LIFESTYLE

THE MOM STOP: There's no pleasing picky holiday eaters, so why bother?

Lydia Seabol Avant
Lydia Seabol Avant. [Staff file photo/The Tuscaloosa News]

I just about threw up my hands and gave up a few days before Thanksgiving when  I went grocery shopping, trying to find the elusive ingredients needed for a hash brown casserole and a pecan praline cheesecake.

Yes, I finally found the ingredients, although it took a visit to three different stores. Yes, I braved the aisles filled with an onslaught of other shoppers, some looking for that can of cream of mushroom soup and other searching for a container of heavy whipping cream. And I had to wonder, what is all the effort is for? My children certainly didn’t eat the hash brown casserole or the cheesecake. 
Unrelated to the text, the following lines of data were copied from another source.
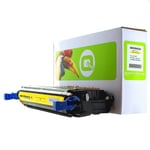 Tonershop huismerk vervangt HP Q6462A nr. 644A toner cartridge geel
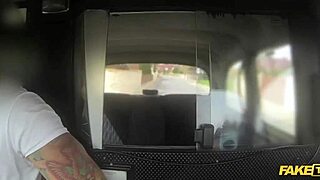 Fake Taxi Brunette Likes To Workout On Cock Hardcore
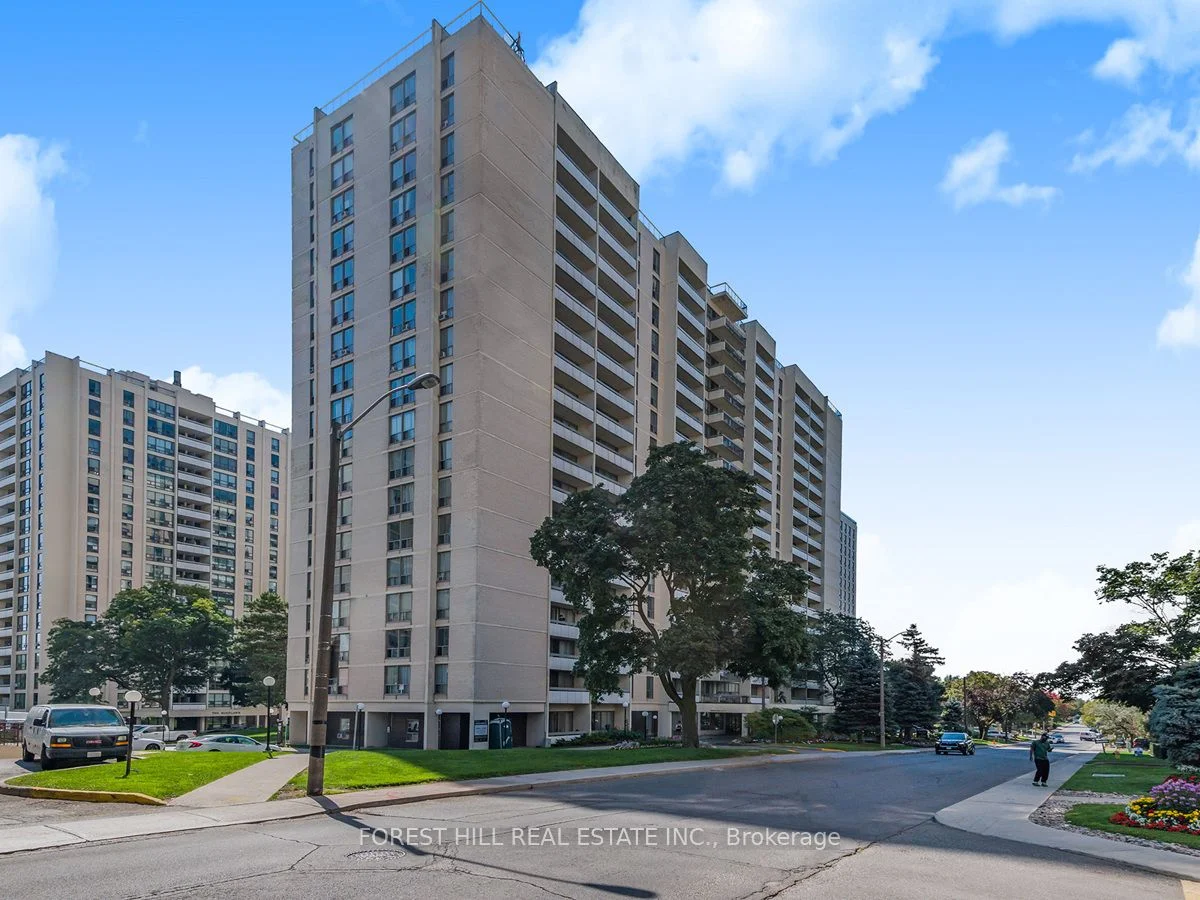 377 Ridelle Avenue 1118, Toronto W04, On M6b 1k2
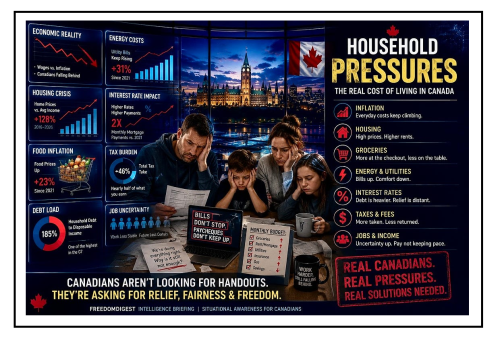 household pressure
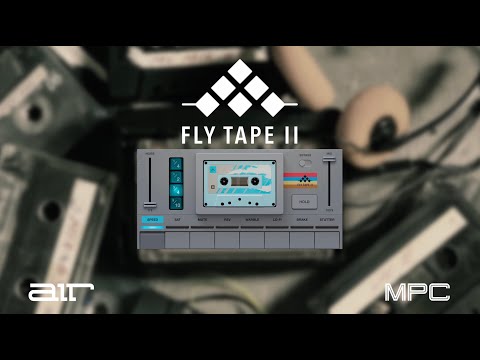 AIR Fly Tape II - MSXII's Classic Cassette Digital Emulation for MPC and Desktop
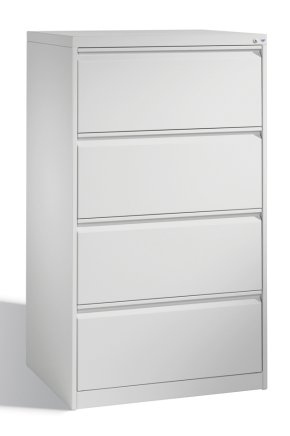 Kartotéka kovová dvojradová CP 12934-312 - 1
I saw a meme on Facebook recently that made me chuckle — it was a picture of a dinner roll with the words plastered across that said “It’s almost time to spend three days cooking in the kitchen so the kids only eat this.” While it was funny, it was also sadly true. 

My three kids are elementary- and middle-school age now, and so they are slightly open to eating a wider variety of foods. But it wasn’t so long ago that I brought a box of the regular Kraft macaroni and cheese to Thanksgiving because I knew my kids wouldn’t touch the homemade kind.

I always volunteer to bring the rolls to our family holiday celebrations, because I know if I get the Hawaiian style rolls, my kids will eat them heartily. I also always ask my mother if she plans on doing a “fruit salad” at Christmas because — well, again, I know my kids eat fruit. 

I can only imagine my grandmother rolling in her grave as I write this. Or perhaps she is thinking that I’m getting my due. I can just imagine the look she gave me and my sister as kids at dinner time when she’d be busy in the kitchen and we’d ask “What’s for dinner?” and she’d answer “What you are going to eat.” 

Are we enabling our kids by making certain dishes we know they will eat and slipping them in the in-law’s fridge during family get togethers during the holidays? Possibly. 

Does that mean that I’m not going to make my favorite hash brown casserole that I know they won’t touch or the pecan praline cheesecake just because I want to? No way.

Does it mean I stopped putting out a relish tray loaded with olives and pickles at my in-laws, even though no one else really eats them? No. Because it’s my family holiday tradition.

And whether my kids eat olives now at ages 6, 10 and 12 or they decide to eat olives when they are 14, 18 and 20 — it does not matter to me. They will be on the table during holiday meals regardless, the way they’ve always been.

And if my children indeed carry my DNA — which I’m fairly certain they do, since I birthed all three — then there will be a day they decide they like olives. And hash brown casserole. And perhaps even pecan cheesecake, too. 

So even though it’s only days after Thanksgiving and we are still rolling around in our post-turkey, gluttonous recovery, I’m already thinking ahead to what we will cook for Christmas. Because, as we well know, Christmas is around the corner. And if last week’s grocery shopping trips are any indication, I need to start shopping now to make sure I find all the ingredients.